家康が築いた幻の湖城「膳所城」をデジタル技術で復元!クラファンで支援募集中
立命館大学学生とCAD ASSISTが、明治維新で廃城となった膳所(ぜぜ)城を、VR(仮想現実)やAR(拡張現実)で甦らせる産学連携プロジェクト「膳所城VR Lab.」を実施!資金調達のため、クラウドファンディングサイト・CAMPFIREにて支援を募集中だ。
家康が築いた風光明媚な湖城
膳所城は、「関ケ原の合戦」の翌年1601年に、徳川家康の命により、近江生まれの戦国大名で築城の名手・藤堂高虎が、大津市の琵琶湖畔に築き上げた城。関ケ原の戦いで落城した大津城から大部分が移築され、「瀬田の唐橋(からはし)唐金擬宝珠(からかねぎぼし)、水に映るは膳所の城」とうたわれた風光明媚な城は、日本三大湖城にも数えられている。

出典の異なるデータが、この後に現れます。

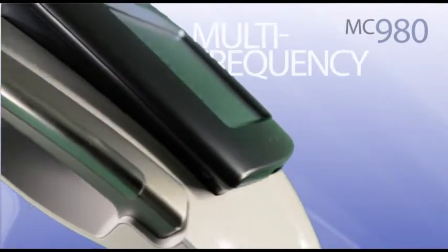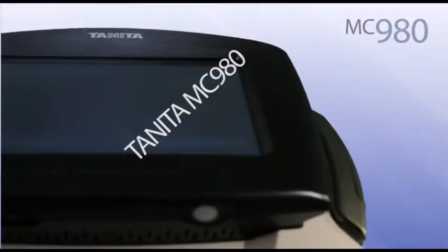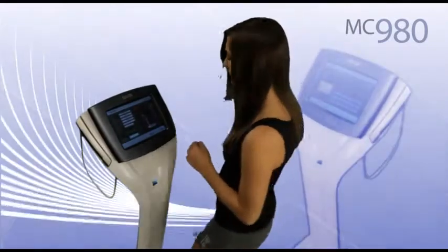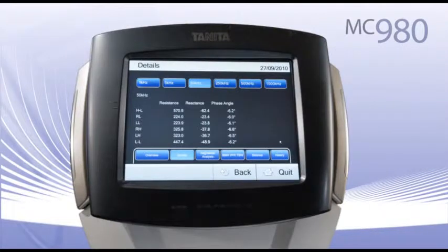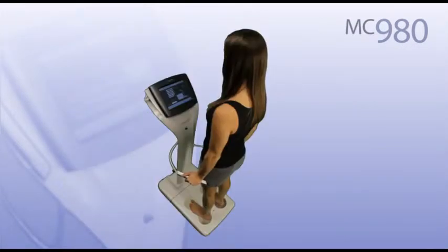With clinically accurate multi-frequency BIA technology, the Tanita MC980 Body Composition Analyzer sets new performance standards in body composition analysis. The eight electrodes use six frequencies to allow heightened accuracy to measure each arm, leg and the trunk area.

江戸幕府が上洛する際の立ち寄り場となった膳所城。京へつながる東海道を抑え、豊臣家に睨みをきかせる要所にもなったといわれてるが、戦場にならなかったことから、歴史的な注目度は低く誰もが知る城とはなっていない。
2020年に膳所城デジタル復元が再始動
2016年に社会人の有志による膳所城デジタル復元が始動したものの、文書や絵図から精査して図面を起こすことに相当な時間を要し頓挫。CAD ASSISTの代表である山本氏が立命館大学の非常勤講師になったことをきっかけに、産学連携での復元計画が進み、2020年に「膳所城VR Lab.」として再始動することとなった。
「膳所城VR Lab.」では、膳所城をVRやARで甦らせようというプロジェクトを進行。
まずは往時の姿を再現したアニメーション膳所城の完成を目指している。
作業はすべてが手探り
プロジェクトのメンバーは、山本氏が授業を担当していた「CAD演習」を受講していた学生9人で構成。
建築分野の基礎知識が無いため、木造建築のいろはから始まり、城という特殊な建築物ゆえに、宮大工の人たちからも専門的な建築知識を教えてもらいながら地道に復元作業を積み重ねている。
作業は本丸絵図や史料の他、膳所城築城の近年に藤堂高虎が関わった大洲城などを参考にしたり、櫓や塀などは彦根城や金沢城も参考にしたりするといったように、すべてが手探り。デジタル復元にあたっては、大津市内の神社に移築された膳所城の城門をレーザー測量して点群データを作成し、そのデータを基にCADで本格的に立体化している。
城門の梁は木そのものの曲線を活かしたものが多いが、自然の木の不規則な曲線をCADで再現するのに苦戦。また、丸瓦には本多氏の家紋である立葵を再現し、細かい部分に拘って復元している。
完成したアニメーションは活用が決定
現在、製作は佳境に入っており、2023年度中に完成するアニメーションは、地域の公共施設での活用が決定。今後は、地域イベントの開催や地域コミュニティの活性化、デジタル観光資源としての活用のほか、VRを活用したゲーム性のあるコンテンツや、アナログコンテンツを生み出し、膳所城だけではなく歴史が多く残された膳所城下町の魅力を多くの人に感じてもらえるコンテンツへの発展を目指していく。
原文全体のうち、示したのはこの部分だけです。